> [Work item] Repeat every record exactly, but keep images out of the copy.

> [Information given]
=======

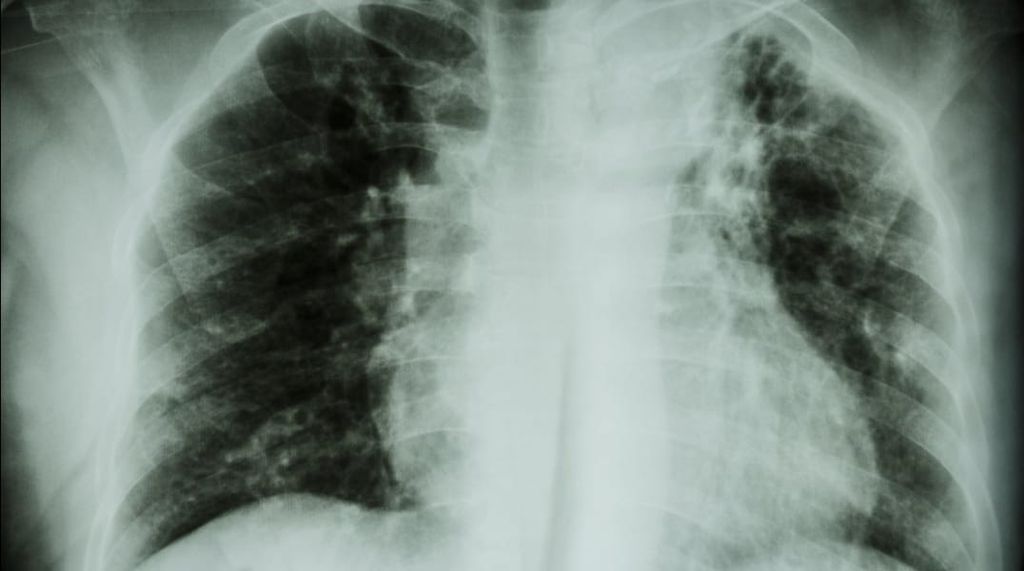 tuberculosis
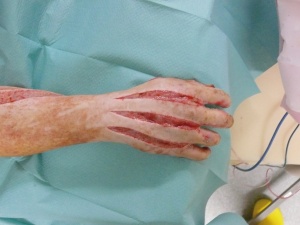 Abb. 1b: Hand mit angelegten Entlastungsschnitten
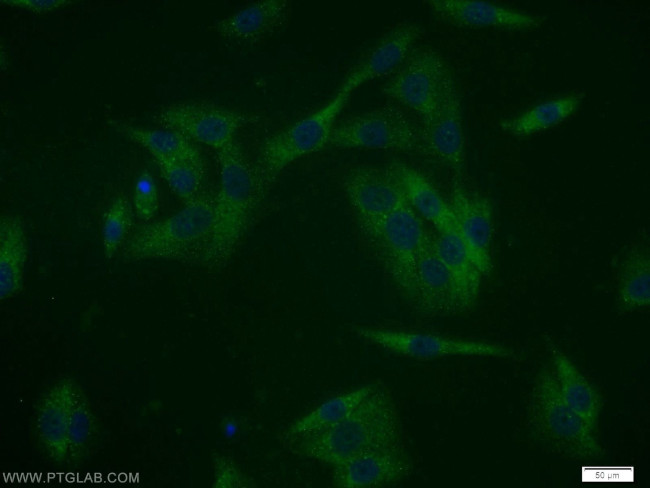 MAGEA11 Antibody in Immunocytochemistry (ICC/IF)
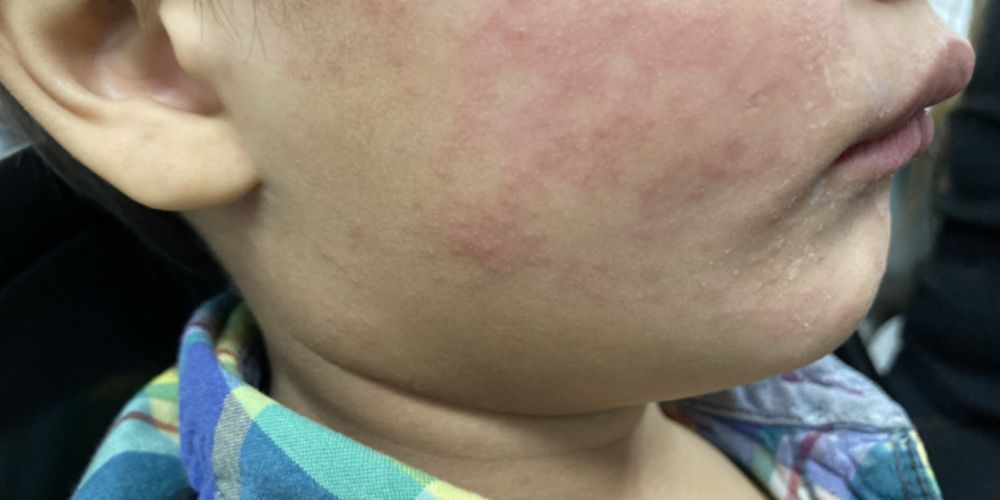 Record measles outbreak in Oregon blamed on vaccine exemptions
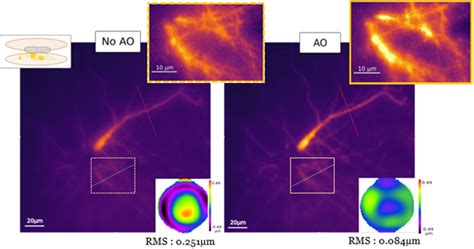 Adaptive optics microscopy direct wavefront sensing |Imagine Optic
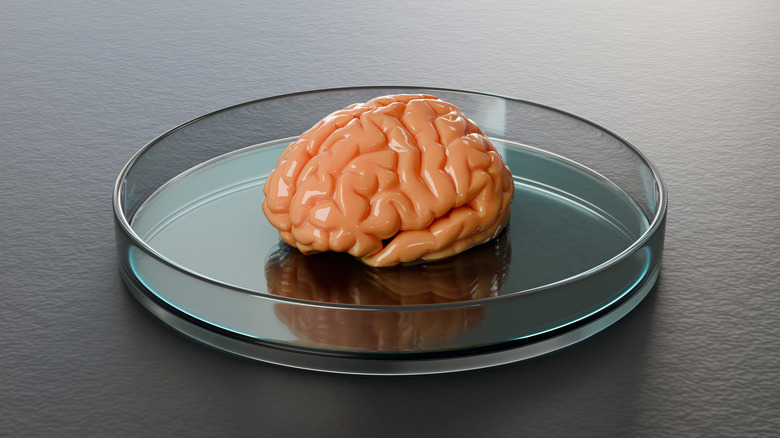 Model of a brain in a petri dish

=======

> [Answer to this problem]
 tuberculosis
 Abb. 1b: Hand mit angelegten Entlastungsschnitten
 MAGEA11 Antibody in Immunocytochemistry (ICC/IF)
 Record measles outbreak in Oregon blamed on vaccine exemptions
 Adaptive optics microscopy direct wavefront sensing |Imagine Optic
 Model of a brain in a petri dish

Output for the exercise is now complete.